◆ **Task prompt**
Make an exact copy of the records, with the pictures left out.

******************************

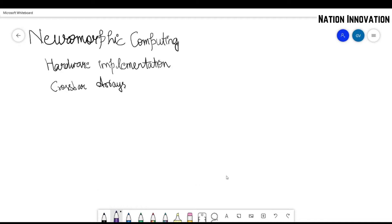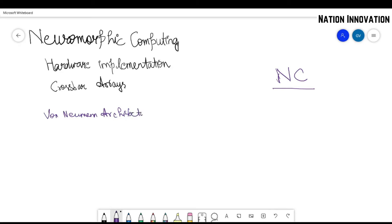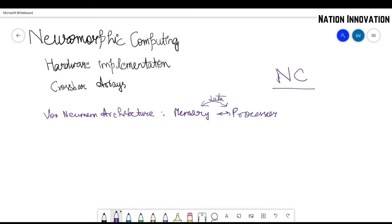First of all, what do we mean by neuromorphic computing? By neuromorphic computing we mean brain-like computing. In conventional CPU systems, we have what is called the Von Neumann architecture, where we have separate space for memory and the processor. The issue with this is that we need a lot of energy and time to transfer data from memory to the processor and vice versa. To eliminate these issues, researchers have proposed a new architecture called neuromorphic computing.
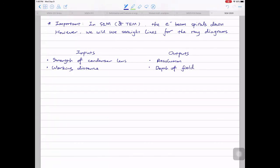Sometimes you may also be interested in depth of field — the ability to bring non-flat features all into focus simultaneously. A good example is the iPhone portrait mode: you only want the person in focus, not things behind them, which reduces depth of field. The third output is signal-to-noise ratio. We emphasize SNR again and again because any data we get contains both information and noise, and we want to differentiate meaningful results from random noise.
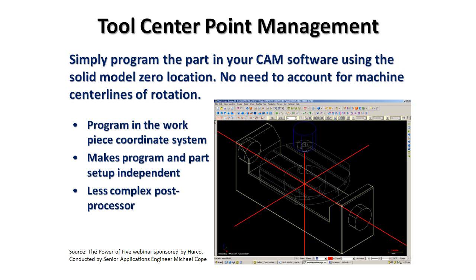If you were to set up a part, post your program, run the program, and find that you needed to make an adjustment of some distance to bring that part into print specifications, you would have to first go back to the CAM system, physically move that part in CAM space, repost the program, and then send that program back to the machine.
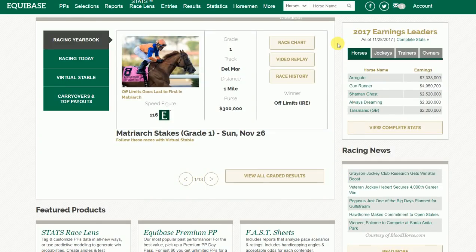Today we're going to explore a new feature at EchoBase.com — the Compare feature — allowing you to compare statistics among horses, owners, trainers, and jockeys.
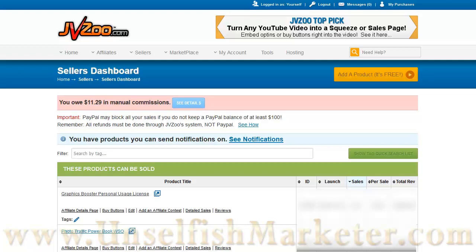Hello and welcome back to the Seller Dashboard tutorial section of our JVZoo tutorial videos. In this video, I'm going to show you all of the stuff that you need to set up in your product listings. Like I said in the previous portion of this video, to add a new product, you click here to add a product.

******************************

◆ **Response to the exercise**
First of all, what do we mean by neuromorphic computing? By neuromorphic computing we mean brain-like computing. In conventional CPU systems, we have what is called the Von Neumann architecture, where we have separate space for memory and the processor. The issue with this is that we need a lot of energy and time to transfer data from memory to the processor and vice versa. To eliminate these issues, researchers have proposed a new architecture called neuromorphic computing.
Sometimes you may also be interested in depth of field — the ability to bring non-flat features all into focus simultaneously. A good example is the iPhone portrait mode: you only want the person in focus, not things behind them, which reduces depth of field. The third output is signal-to-noise ratio. We emphasize SNR again and again because any data we get contains both information and noise, and we want to differentiate meaningful results from random noise.
If you were to set up a part, post your program, run the program, and find that you needed to make an adjustment of some distance to bring that part into print specifications, you would have to first go back to the CAM system, physically move that part in CAM space, repost the program, and then send that program back to the machine.
Today we're going to explore a new feature at EchoBase.com — the Compare feature — allowing you to compare statistics among horses, owners, trainers, and jockeys.
Hello and welcome back to the Seller Dashboard tutorial section of our JVZoo tutorial videos. In this video, I'm going to show you all of the stuff that you need to set up in your product listings. Like I said in the previous portion of this video, to add a new product, you click here to add a product.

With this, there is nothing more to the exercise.